Data to use –
* * * * * * *

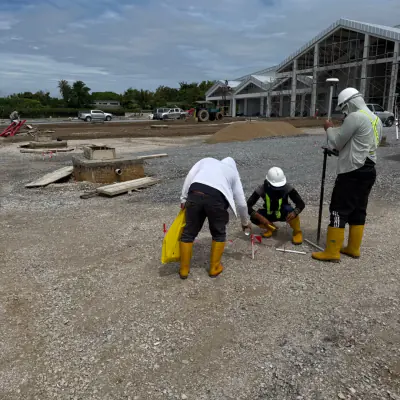 Tiga pekerja berbut kuning menanda titik di tapak pembinaan bangunan yang sedang didirikan.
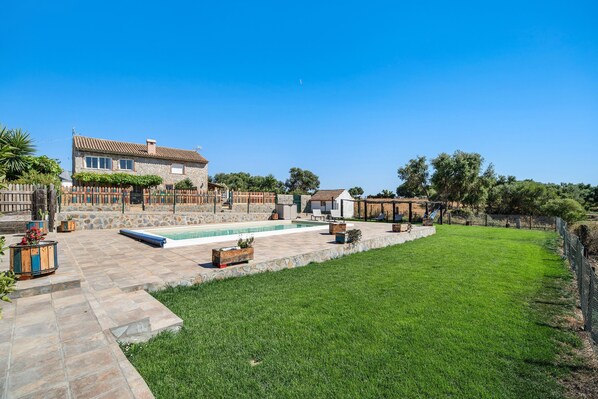 Un patio trasero con piscina, patio de piedra y una casa de fachada de piedra.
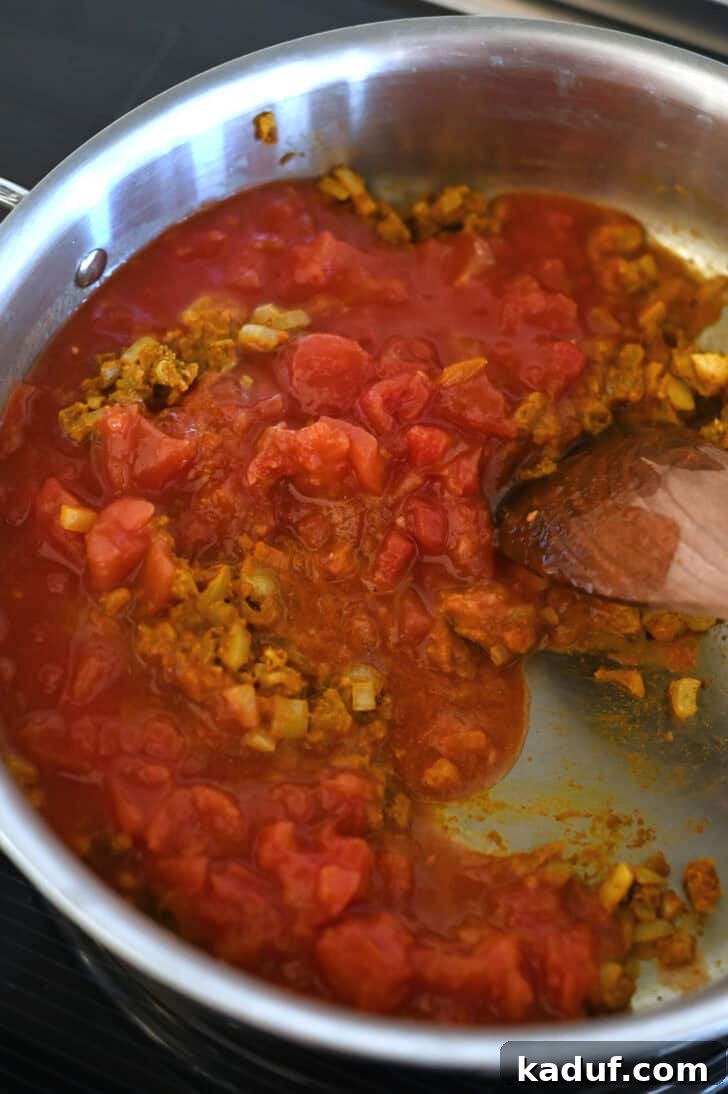 Creamy Coconut Shrimp Curry 5 Diced tomatoes, curry spices, and onions cooking together in a metal pot.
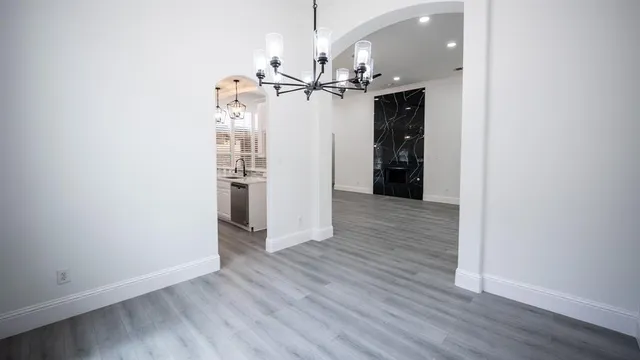an empty room with wooden floor staircase and kitchen view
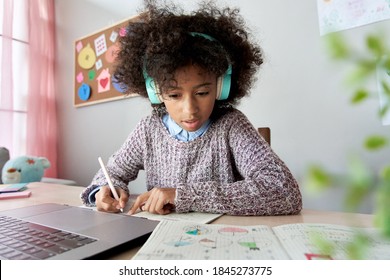 Cute focused african school kid girl wearing headphones virtual distance learning online listening remote education digital class doing homework studying at home classroom sitting at desk with laptop.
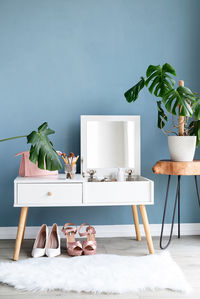 Stylish room interior with elegant dressing table and plants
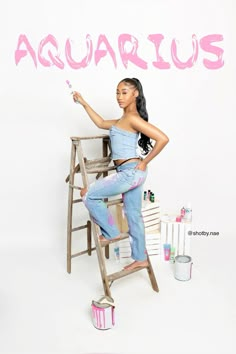 a woman sitting on top of a ladder painting the word aquarius with pink paint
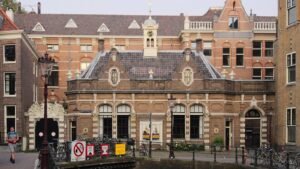 A University of Amsterdam building beside a canal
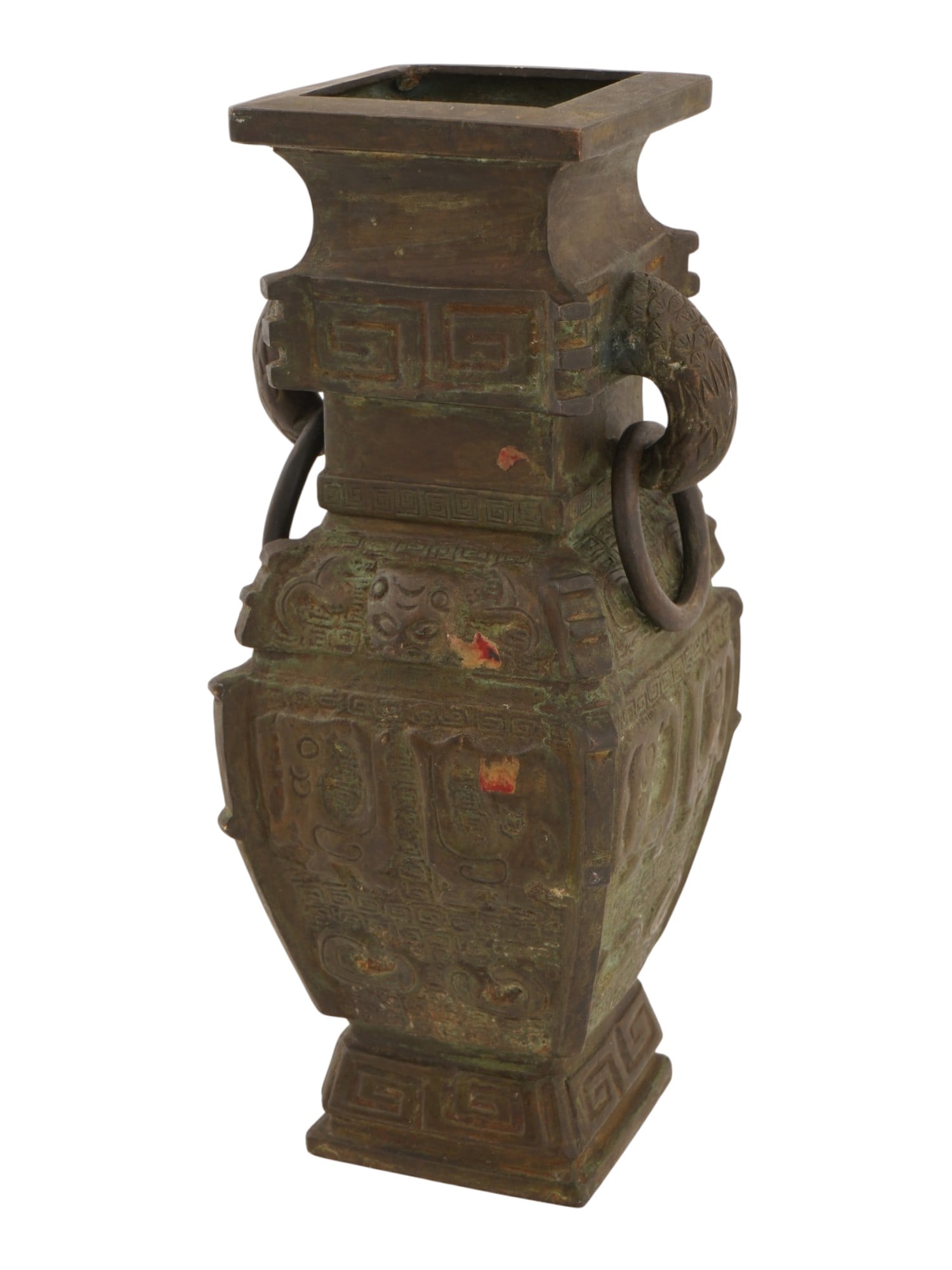 ANTIQUE CHINESE BRONZE FANGHU RITUAL WINE VESSEL: An antique Chinese bronze Fanghu ritual wine vessel.The mark of the Xuande period of the Ming dynasty on the bottom. The bronze vessel features a square base and a wide body intricately decorated with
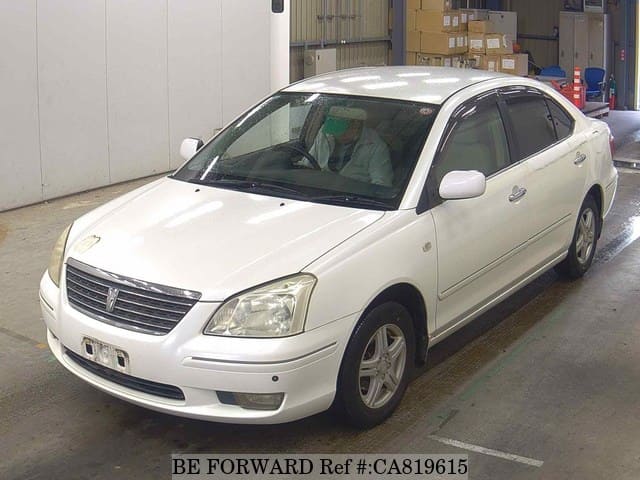 A grey JDM sports car speeding down a highway at night.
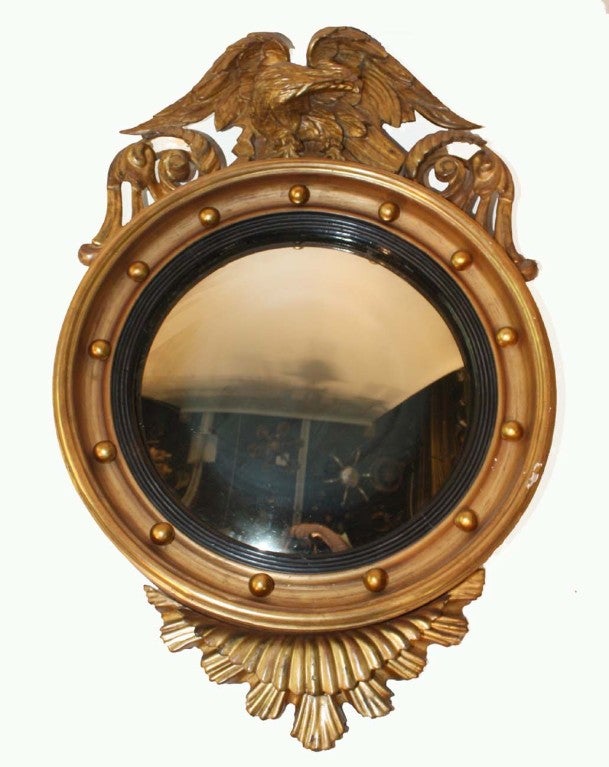 Federal style giltwood and japanned convex mirror with carved eagle crest. These mirrors, also called butler's mirrors, were popular in Europe and North America in the late 18th century and early 19th century. This 19th century mirror has 13 gilded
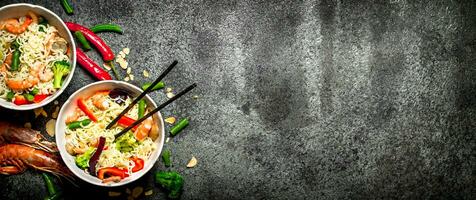 Asian food. Chinese noodles with vegetables and shrimp. photo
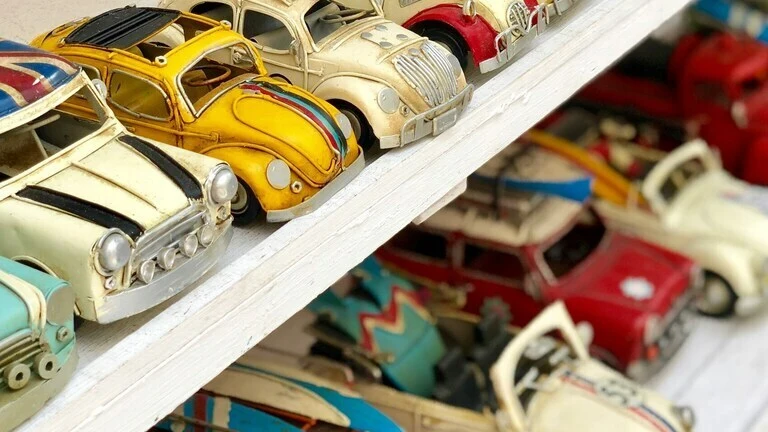Vintage toy cars from the 70s and 80s lined up on a shelf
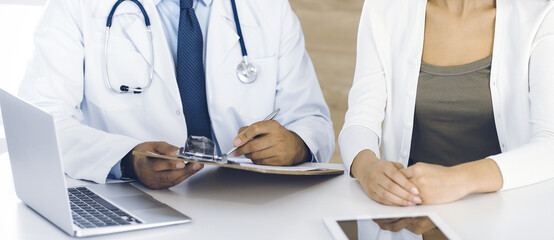 Doctor and patient discussing medical exam results while sitting at the desk in clinic, close-up. Male physician using clipboard for filling up medication history record of young woman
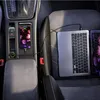 A car's interior with a laptop and phone charging. Anteprima dell’immagine prodotto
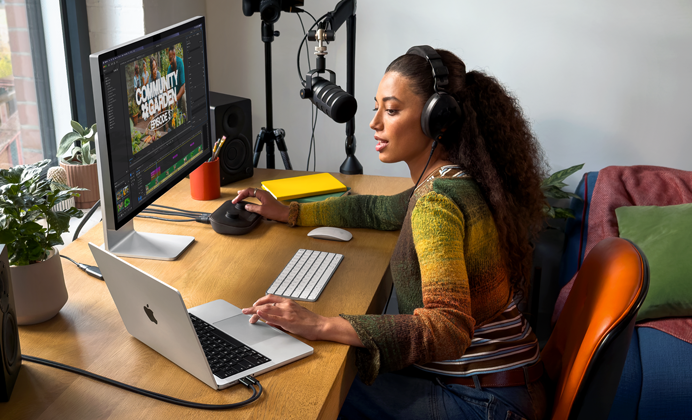 En kvinna med hörlurar sitter hemma vid sitt skrivbord och pratar i en mikrofon med MacBook Pro ansluten till en extern skärm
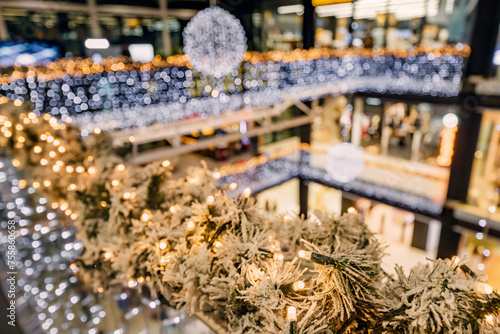bustling holiday spirit comes alive in the vibrant atmosphere of the Christmas market, where shoppers delight in festive decorations and colorful displays.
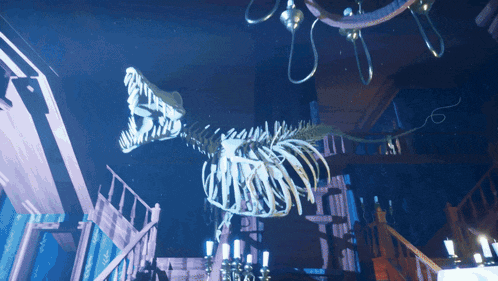 a skeleton of a dinosaur is hanging from the ceiling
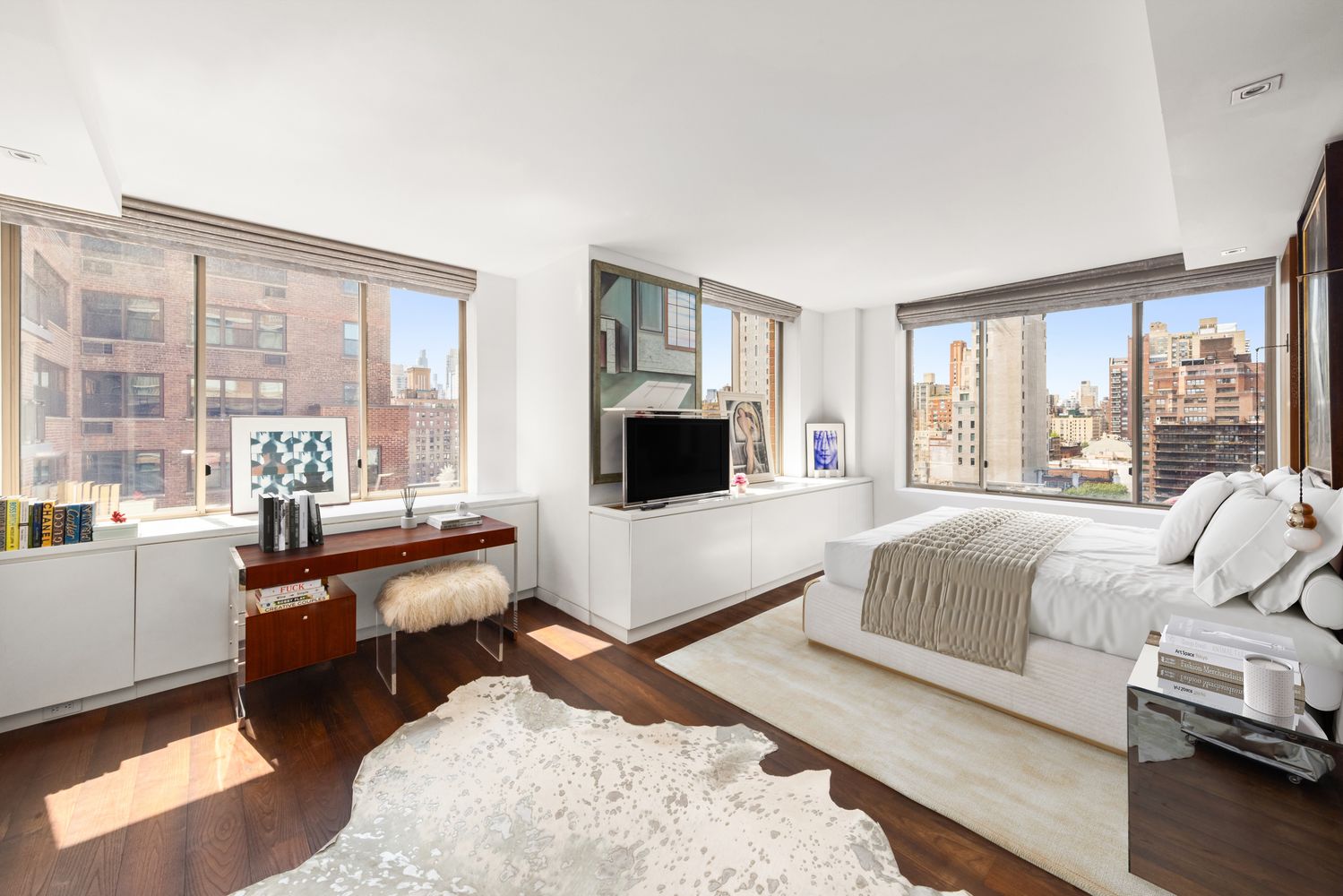 a bedroom with a bed and large windows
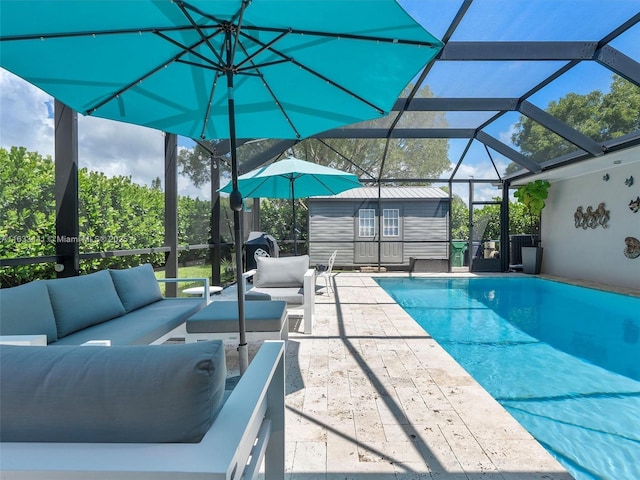 outdoor pool featuring a lanai, outdoor lounge area, a patio, and an outdoor structure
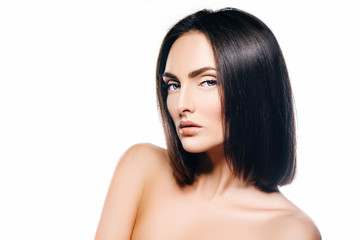 girl brunette model with perfect skin and hair in the studio on a white background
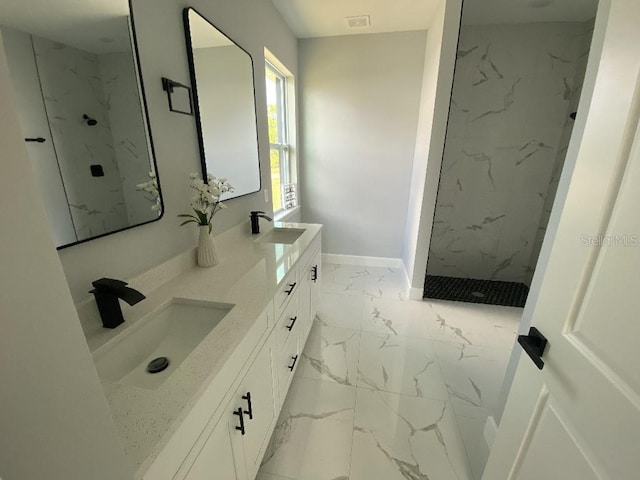 bathroom featuring tiled shower, double vanity, and tile floors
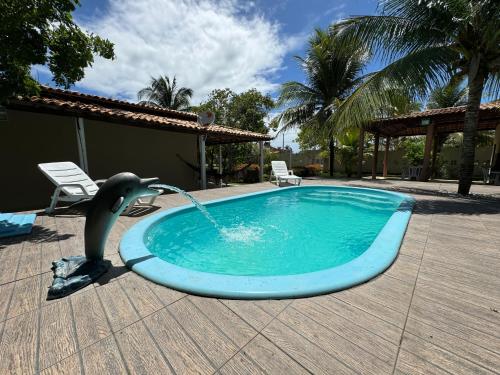 a dolphin shaped swimming pool with a dolphin fountain at Chácara Lara Bela in Praia do Saco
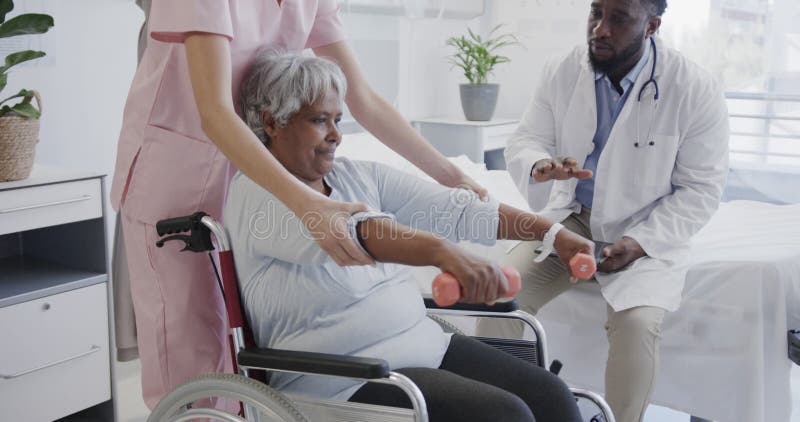 Médico masculino diverso y fisioterapeuta femenino tratando a pacientes de edad avanzada en cámara lenta en silla de ruedas almacen de metraje de vídeo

* * * * * * *

Task requirements – Quote, word for word and nothing more, every line from the line with "a bedroom with a bed and large windows" to the end of the entries, including both ends; skip any pictures.

Solved problem –
 a bedroom with a bed and large windows
 outdoor pool featuring a lanai, outdoor lounge area, a patio, and an outdoor structure
 girl brunette model with perfect skin and hair in the studio on a white background
 bathroom featuring tiled shower, double vanity, and tile floors
 a dolphin shaped swimming pool with a dolphin fountain at Chácara Lara Bela in Praia do Saco
 Médico masculino diverso y fisioterapeuta femenino tratando a pacientes de edad avanzada en cámara lenta en silla de ruedas almacen de metraje de vídeo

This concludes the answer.